To the editor:
Over the past year, I was a member of the Bristol dam committee. However, this letter reflects my own views and not the opinions of all members of the committee.
The committee met twice a month to listen to a variety of experts on subjects ranging from water bird habitat on the Pemaquid River to comparative fishway design to possible dry hydrant locations in Bristol. We heard from the parks and recreation commission and from the fire department. We heard from many in the community on the perceived threat to water levels in the lakes above the dam and the reluctance to lose a cherished swimming hole. And we heard from others in the community who would love to see the full restoration of Bristol’s historic alewife run.
From the get-go, the committee decided that all proposals for alternatives to the current dam would preserve water levels in the marsh above the dam and all upstream lakes. We also decided that we needed to preserve, in one way or another, the other benefits that the dam provides – a convenient source of water for the local fire department and a place for freshwater swimming.
The committee came up with three options, A, B, and C, all of which maintain water levels and provide easy access to water for the fire department and a swimming area. They also provide what’s missing in the current dam setup: effective fish passage for alewives and other migrating species.
Even with much volunteer time and ongoing maintenance and tweaking, the current fishway allows for relatively few fish to make it to the waters above the dam. The lakes above could well support 600,000 to over 800,000 adult alewives. Since volunteer counts started in 2013, the number of alewives able to make it to the top of the current ladder has ranged from about 14,000 to 133,000.
Although there’s been much discussion of the dam, its history, and the options proposed, there are several points that haven’t been part of the conversation, points that are worth considering.
1) As expensive as they are, fish ladders aren’t silver bullets for fish migration. Even state-of-the-art fishways rarely work better than 60 percent efficiency. A large number of fish never successfully make it through. Also, the number of fish getting through unharmed doesn’t include the fish, many of them juveniles, who are injured or killed falling over the dam on their way back to the ocean.

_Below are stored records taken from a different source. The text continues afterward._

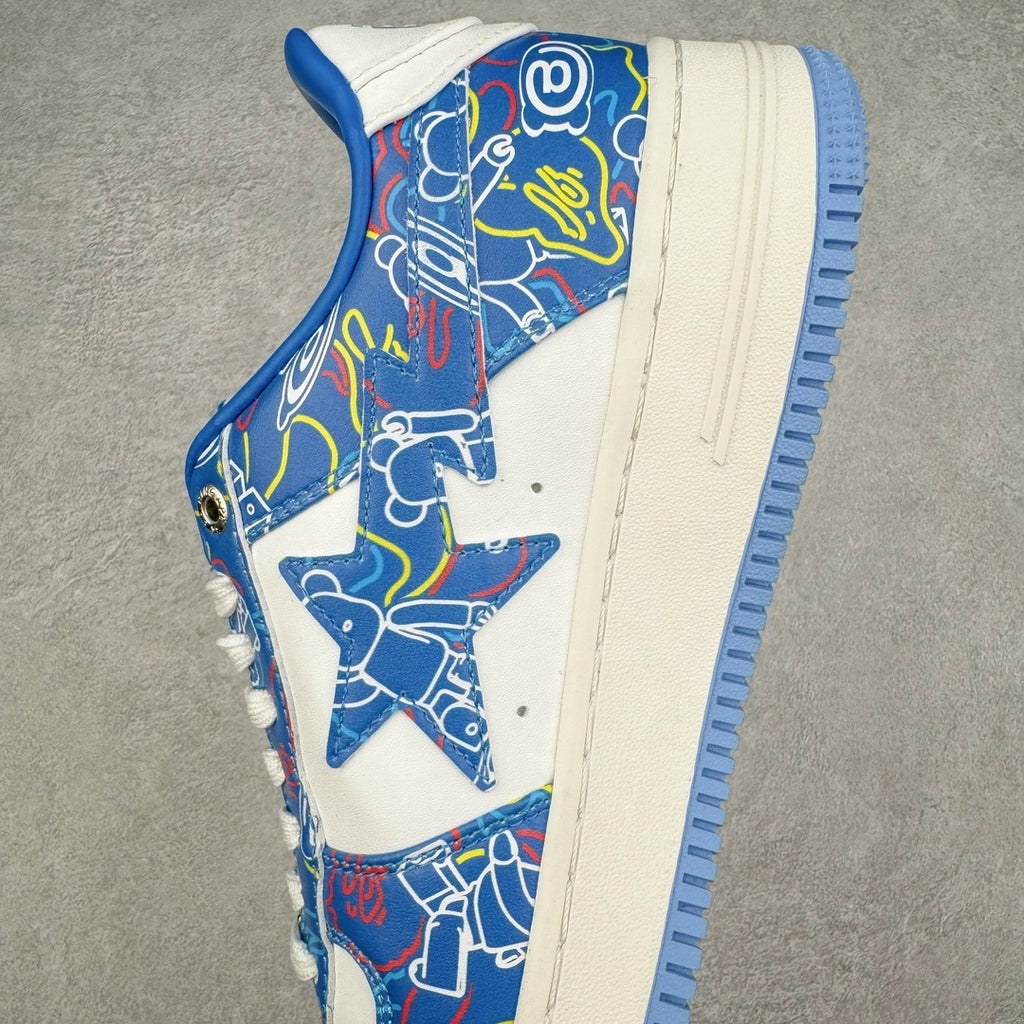 Bape Sta x Medicom Toy Bearbrick "Camo Blue"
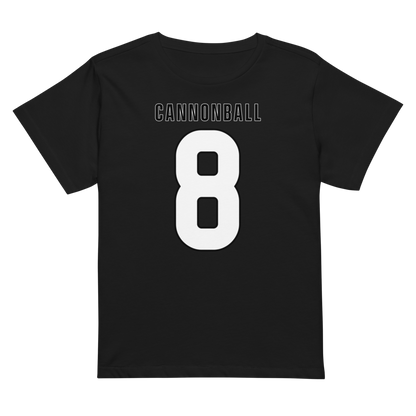 Cannon Johnson | Jersey Style Women’s High-Waisted Tee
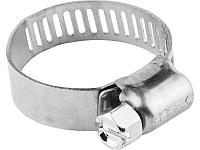 Хомуты, нерж. сталь, просечная лента 8 мм, 8-13 мм, 5 шт, ЗУБР Профессионал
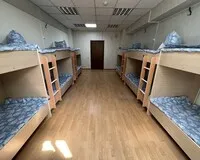 Кровать в общем 12-местном номере для женщин Хостел Хостел Курага Москва рейтинг 1.9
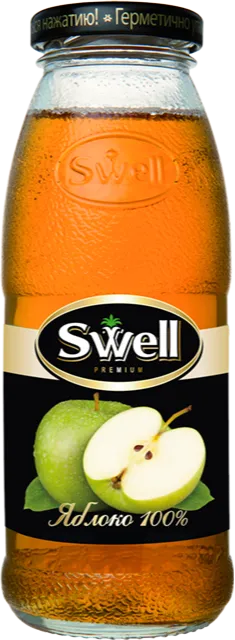 Изображение товара Swell, сок яблочный осветлённый 0.25 л.
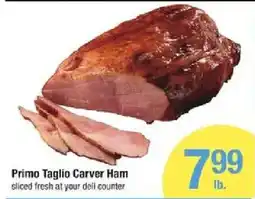 Star Market Primo Taglio Carver Ham offer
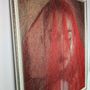Decorative objects - Veil of Passion / work of art / handmade with the silky threads only - ART NITKA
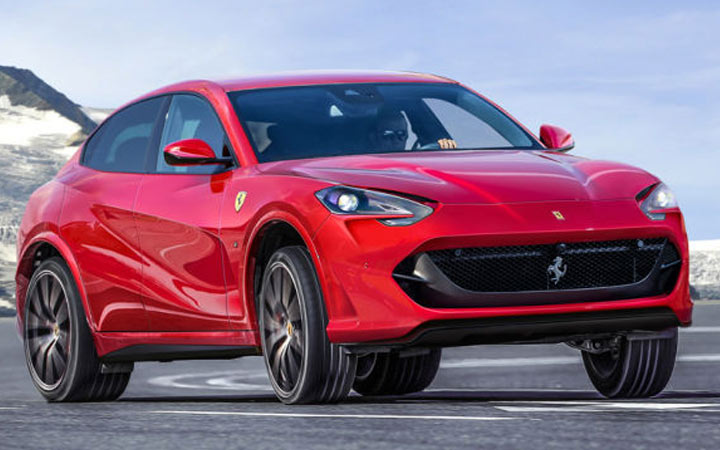 Terénní vozidlo Ferrari Utility Vehicle 2019-2020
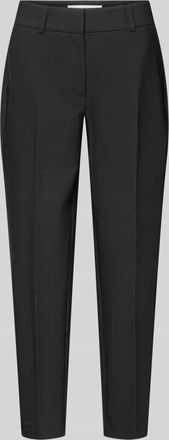 Selected Stoffhose mit Bügelfalte Modell RITA-RIA in Black, Größe 36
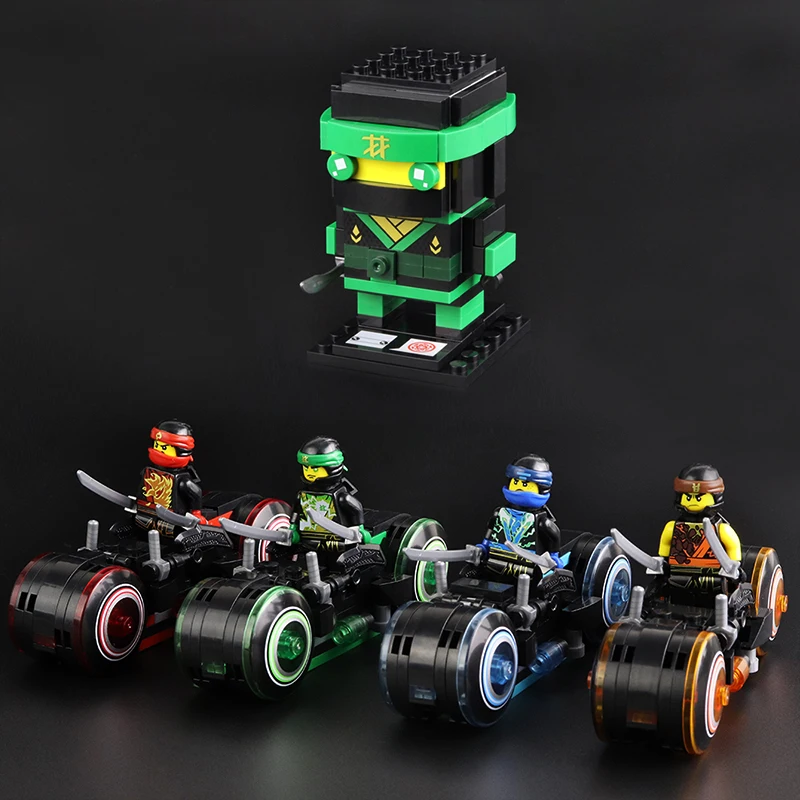City Compatible legoed Ninja moto Motorcycle Ninjagoed 1 gold brickheadz sets model building kits blocks kids toys child brick
City Compatible legoed Ninja moto Motorcycle Ninjagoed 1 gold brickheadz sets model building kits blocks kids toys child brick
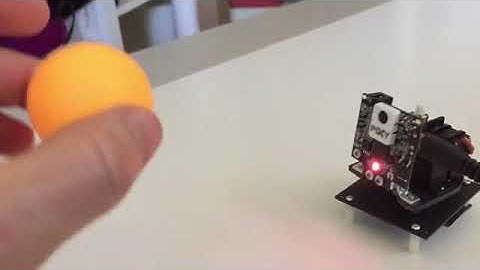 Автоматизированная платформа обнаружения и распознавания объектов Pixy2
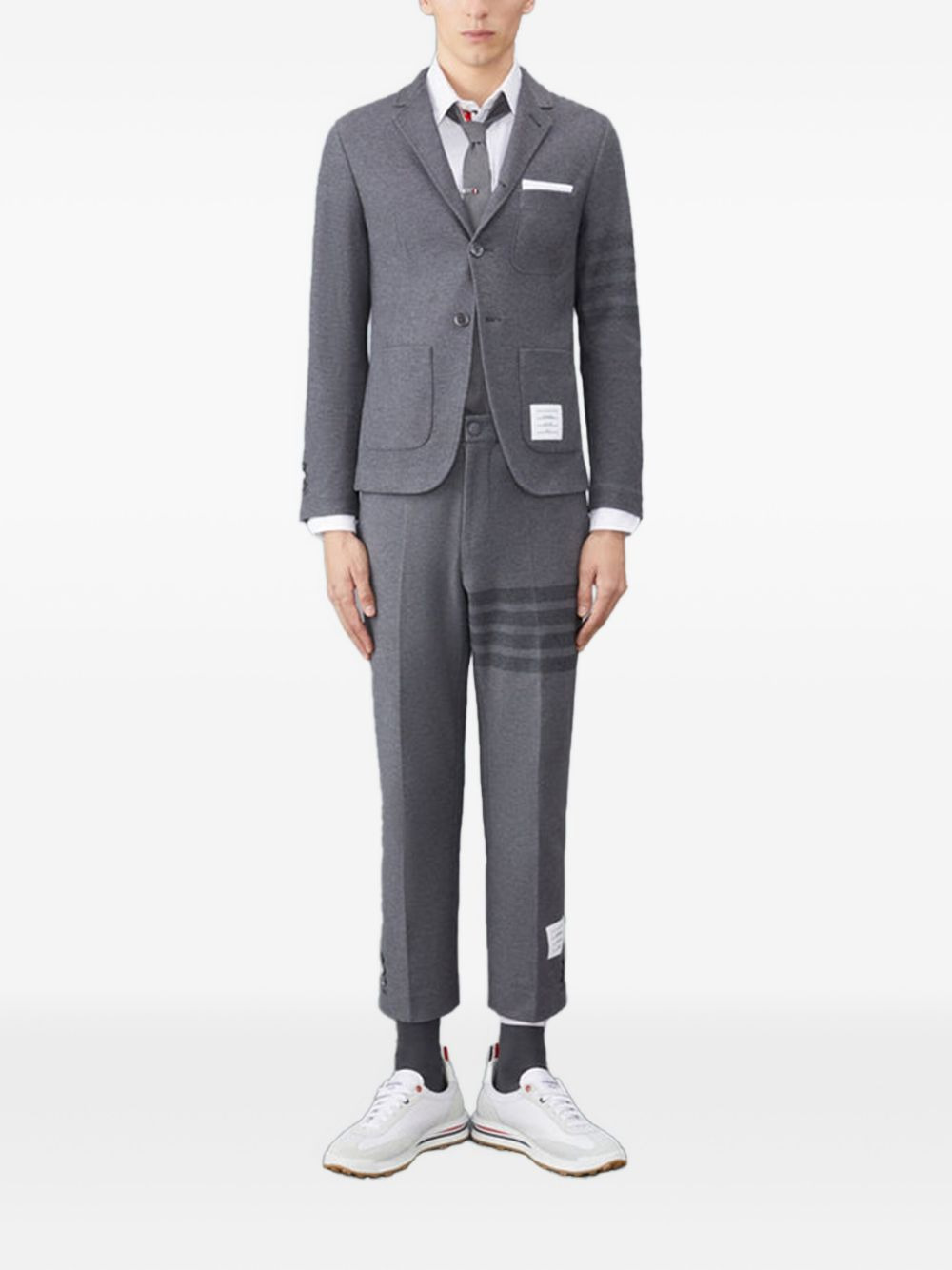 4-Bar single-breasted blazer - 2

2) Alewives were historically an essential part of a complex web of ecological connections. For tens of thousands of years, alewives evolved to arrive in our waters each spring, providing a critical food source for many species of fish and wildlife when they are doing their best to feed their young. If we love the water birds that live in the wetlands above the dam, then we need to think about the food that sustains them. And even before they reach our shores, alewives nourish the ocean food web. Restoring alewives to their former role is thought to be a crucial step in reversing the dramatic declines of groundfish that once figured so prominently in our coastal economy.
3) The alewife won’t wait forever. Until recently, the fish were stocked by the Maine Department of Marine Resources, a practice that ended in 2012 with the goal that fish passage would soon improve. As with other species, including Atlantic salmon and inshore cod, once the number of fish reaches a critically low number, it can be impossible for those fish to rebound. The history of our alewife run shows that relying on a few interested citizens to successfully operate and maintain a complex fishway is not a sustainable solution, because interest comes and goes over the decades. That is just one reason why public funding for fishways has all but disappeared.
4) Healthy and abundant alewife runs represent an increasingly important source of local bait for lobstermen at a time when Atlantic herring have become more scarce and costly than ever. If the run were fully recovered, it could again be harvested. Based on the current price for a bushel of alewives ($25 depending on location and availability), DMR estimates a total revenue of $70,432-$100,000 that would be divided among the town and the harvester. If we value these human uses, we should pay serious attention to what sustains alewives and protect those resources.
5) Unencumbered fish passage would encourage growth in the eel population, as well, another resource that has potential for harvest, if the numbers are strong.
6) Though much-loved by a segment of the public, the swimming hole is perhaps one of the most dangerous public recreation areas in the Midcoast. Children swim immediately adjacent to the dam’s operating sluice and penstock and clamber about on the spillway of the dam with little regard for the fact that only a rickety homemade fence separates them from the 12-foot drop to jagged rocks below.
Assessments of the 100-year-old dam reveal that it has no historic value, but it and its swimming hole are cherished by some who grew up with it.
That said, we perhaps have an opportunity to weigh the value of our own history with a longer one. Option B of the dam proposal allows for a new swimming area, one with much-improved safety, just north of the current dam, an area that could include more parking, picnic tables, possibly basketball hoops, a playground, etc. Ellingwood Park would also allow for a convenient dry hydrant for fire protection.
The loss of the familiar is the price we’d pay. But by replacing the current dam with a nature-like fishway, we’d maintain the current benefits of the dam and restore an annual run of fish that supports birds and larger fish and offers a mesmerizing display of leaping silver bodies churning the water from the harbor to the lakes above. Damariscotta Mills and Winslow have yearly alewife festivals that bring tourists and people from nearby communities to watch this impressive event – not unlike a solar eclipse in its mystery. Restoring this annual alewife run can benefit us in ways we can hardly imagine at the moment.